19. Deutscher Kongress für Versorgungsforschung (DKVF). sine loco [digital], 30.09.-01.10.2020. Düsseldorf: German Medical Science GMS Publishing House; 2020. Doc20dkvf352

doi: 10.3205/20dkvf352, urn:nbn:de:0183-20dkvf3524

Veröffentlicht: 25. September 2020

© 2020 Schleef et al.
Dieser Artikel ist ein Open-Access-Artikel und steht unter den Lizenzbedingungen der Creative Commons Attribution 4.0 License (Namensnennung). Lizenz-Angaben siehe http://creativecommons.org/licenses/by/4.0/.


Gliederung

Text

Hintergrund und Stand (inter)nationaler Forschung: Notaufnahmen haben steigende Fallzahlen zu verzeichnen. Mehr als die Hälfte aller vorstelligen Patienten kann nach Diagnostik und Erstversorgung ambulant verbleiben [1]. Als Reaktion auf diesen großen und zunehmenden Anteil ambulanter Patienten mit weniger dringlichen Beschwerden wurden Allgemeinärzte in eine universitäre Zentrale Notaufnahme (ZNA) integriert. Diese ergänzen montags bis freitags von 10–18 Uhr die Ärzte der bettenführenden Fachdisziplinen.

Fragestellung und Zielsetzung: Ziel ist es, Patienten mit nachrangiger Behandlungsdringlichkeit, die in der universitären ZNA allgemeinmedizinisch versorgt werden, differenziert zu beschreiben.
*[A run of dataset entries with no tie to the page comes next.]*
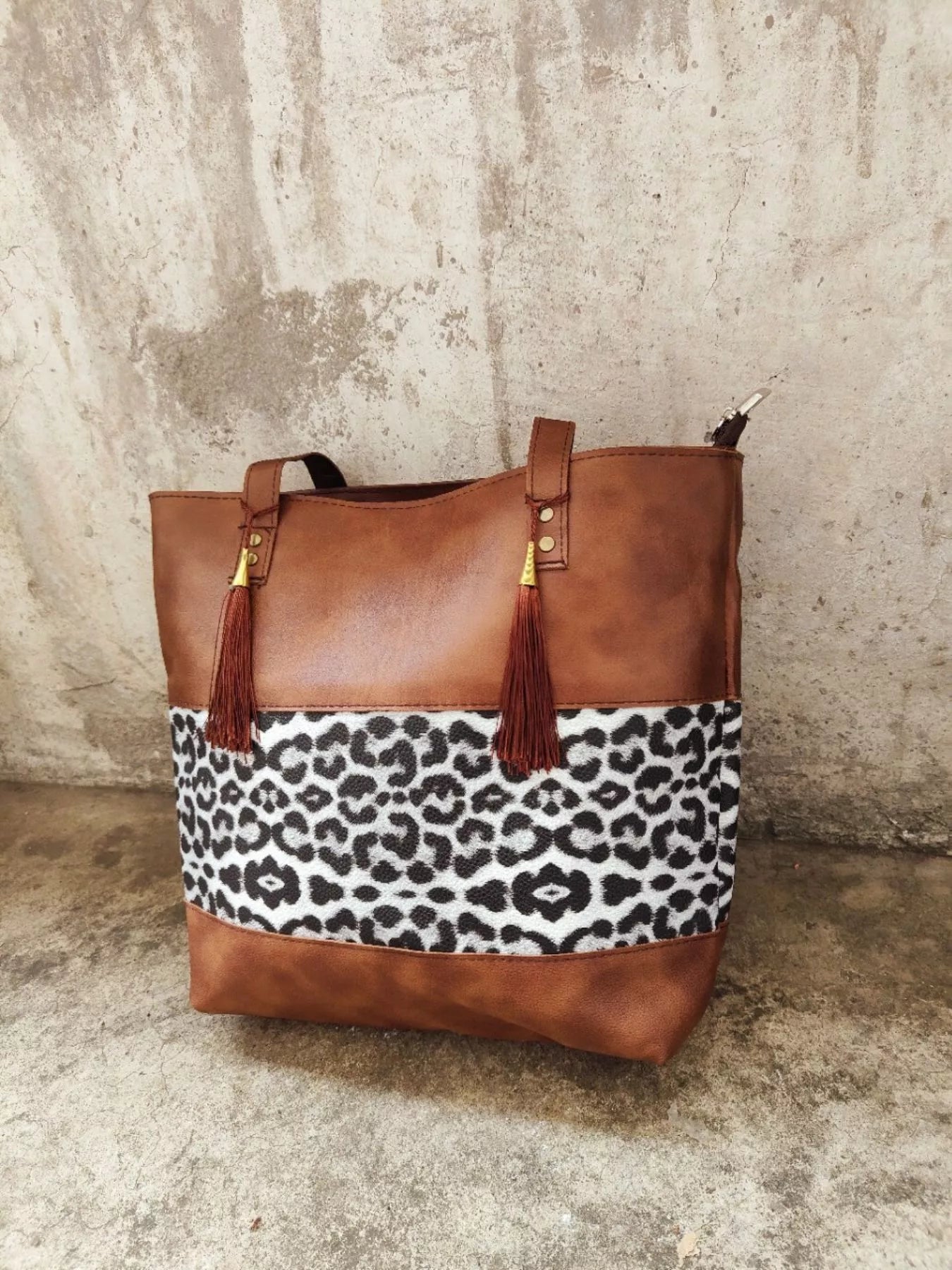 Leopard Tote Bag Tassel Pu Leather Small Brown Women's Handbags Caramel One Size 55ef06be-9624-43ad-88b6-348026a08b16-Max-Origin Trendsi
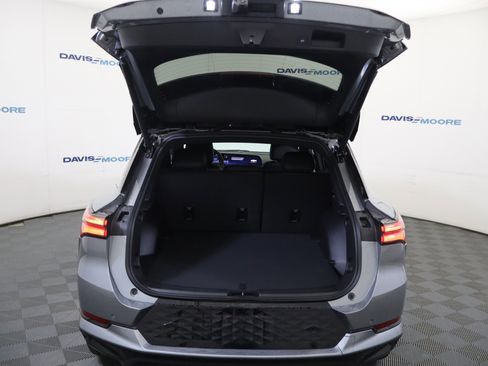 New 2026 Chevrolet Equinox EV RS image 8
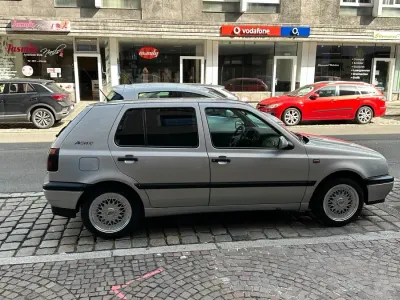 Brugt VW Golf III 90 HK (66 kW) 1995 Sølv Sedan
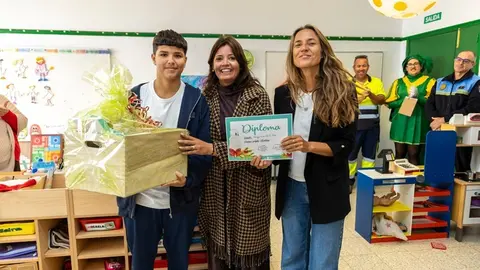 Mar Boronat y Olivia Duque haciendo entrega de los premios del Concurso de postales 2025.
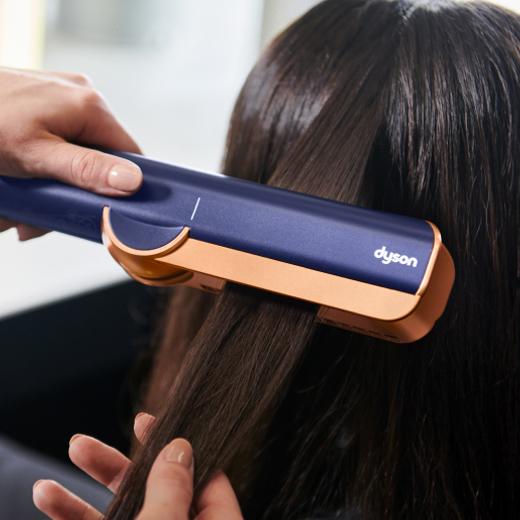 Saçı düzleştirmek için kullanılan Dyson Airstrait saç düzleştirici.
Dabei ergeben sich folgende Fragestellungen:

  • Welche Beratungsanlässe haben allgemeinmedizinisch versorgte Patienten?
  • Wie lange bestanden die aktuellen Beschwerden?
  • Wurde vor der Vorstellung in der Notaufnahme aufgrund der aktuellen Beschwerden ein niedergelassener Arzt aufgesucht?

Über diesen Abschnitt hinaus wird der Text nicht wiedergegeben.